Something that they actually want to use when they get into it for the first time, maybe has to get over that emotional hump that we talked about. The moment they have that first autofill experience, the light bulb goes off and all of a sudden they're starting to put all their things in there. Now it's a convenience. Now they have access to it on their web browser, their mobile browser, anywhere. They can do personal and business split, all those sorts of things. So it's a bit of a flywheel, both in terms of the awareness of Dashlane but also the product functionality and what we lead. Now of course we've had to shore up some things around giving IT admins more visibility and more empowerment, which is what we're leaning heavily on now, to take some of those same concepts and making it easy, enjoyable, out of the way for the end users, applying those same concepts for the IT admin, who also doesn't want to live in this tool all day. They just want to see the security, see the results, see the outcome.
Rahul Abhyankar [10:45] Dashlane is also a good case study for how we think about competition. You mentioned earlier that some of the other password management vendors went into the enterprise first. But when you look at competition broadly now, you've got browsers providing password management, so not exactly a like-for-like, but a substitute alternative.

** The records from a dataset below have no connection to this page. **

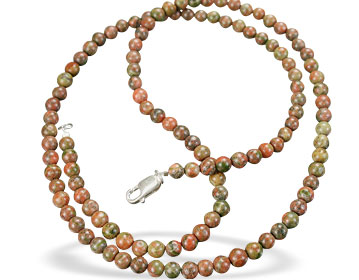 unique Unakite Necklaces Jewelry for design 705.jpg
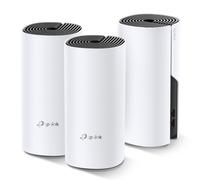 TP-Link - Deco M4(3-pack) Doble banda (2,4 GHz / 5 GHz) Wi-Fi 5 (802.11ac) Blanco 2 Interno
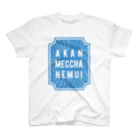 OFUZAKEのAMN_BLUE Regular Fit T-Shirt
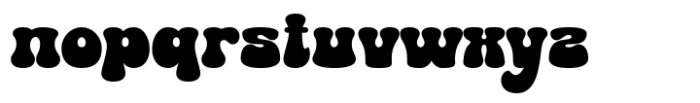 Retro Voyage Font LOWERCASE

And then on the other end of the spectrum, you've got companies that are trying to get rid of passwords altogether. So how do you look at this competitive landscape, and how does that influence your product strategy and the decisions that you're making?
Donald Hasson [11:24] It's interesting. I kind of assess those sorts of things. Obviously you look at your direct competitors, and I sort of have this idea of second-tier indirect competitors that are maybe solving a subset of the problems in maybe different ways but nevertheless are loosely competitors. And then you have the sort of native solutions.

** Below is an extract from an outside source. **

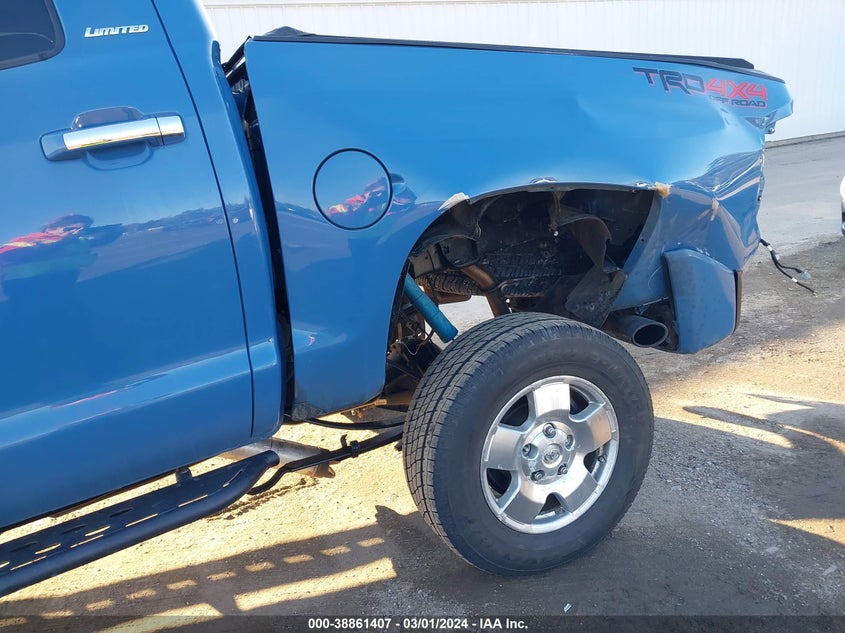 2020 TOYOTA TUNDRA LIMITED - 5TFHY5F19LX911710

Rahul Abhyankar [11:42] They may be good enough.
Donald Hasson [11:44] They may be good enough, for sure, and that's a huge challenge. You have the native solution, so it may be something that's baked into the operating system or, of course, as you mentioned, in our case, in the browser or in the mobile devices. You have the competitors that are offering a holistic solution, and what we offer sometimes may even be just a feature for them that they have just built into their product. At the end of the day, there may still be people writing them in notebooks, which by the way is in and of itself a competitor, but for the most part, they're solving it somehow. In fact, just like a lot of industries, do nothing is probably the biggest competitor that a vendor may have. And do nothing doesn't mean they're literally doing nothing. It means they're solving the problem in another way. Is there a better way? Yeah, but they're getting by with what they have.

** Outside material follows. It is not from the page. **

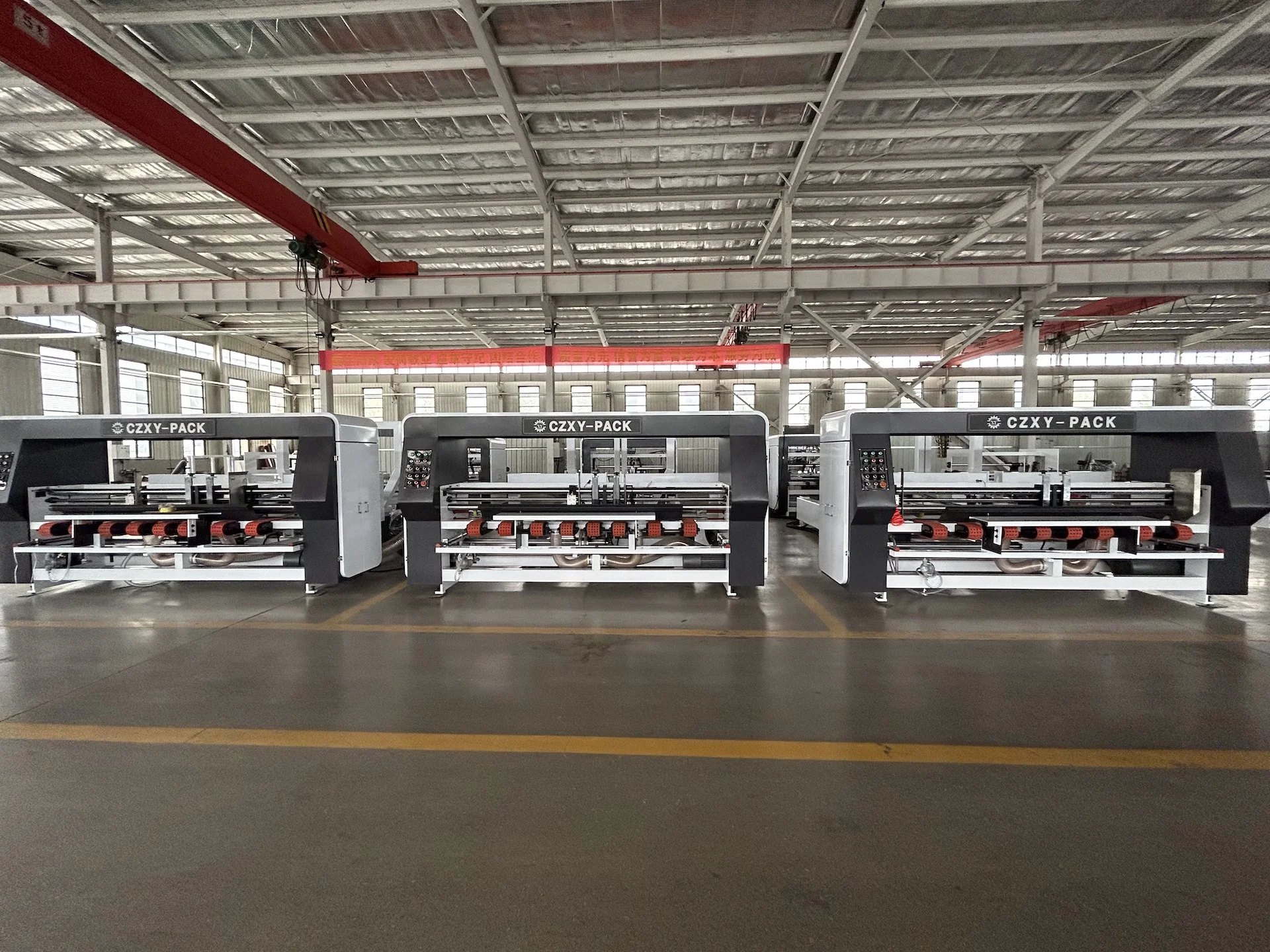 2800 Automatic folder gluer machine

So for us, there's a few things. One is we have certainly the aspect of SSO, which is doing its very best to try to get fewer and fewer passwords and doing a great job. SSO is a fantastic solution to improve security, usability, all the things that it's promised to do. There are certainly some aspects of it that have still some challenges. On the other end of the spectrum, passkeys is significant. So now it's just an adoption challenge. So you look at password managers, like, okay, so what's the future of password managers? And the answer is you still need a way to manage passkeys. Although they are far more secure, the management of them actually, in some ways, could be a little bit more difficult, because you can't just write down a passkey. It's impossible. And actually what we're actively working through is trying to shore up ways to help businesses manage it, because if not, that's going to be a barrier for them to adopt passkeys, which we need to remove all those barriers, give them the same level of visibility, bring that to passkeys so we can finally do away with all passwords. We still need a solution that gives management ability of passwords or passkeys overall, and we're in a unique position.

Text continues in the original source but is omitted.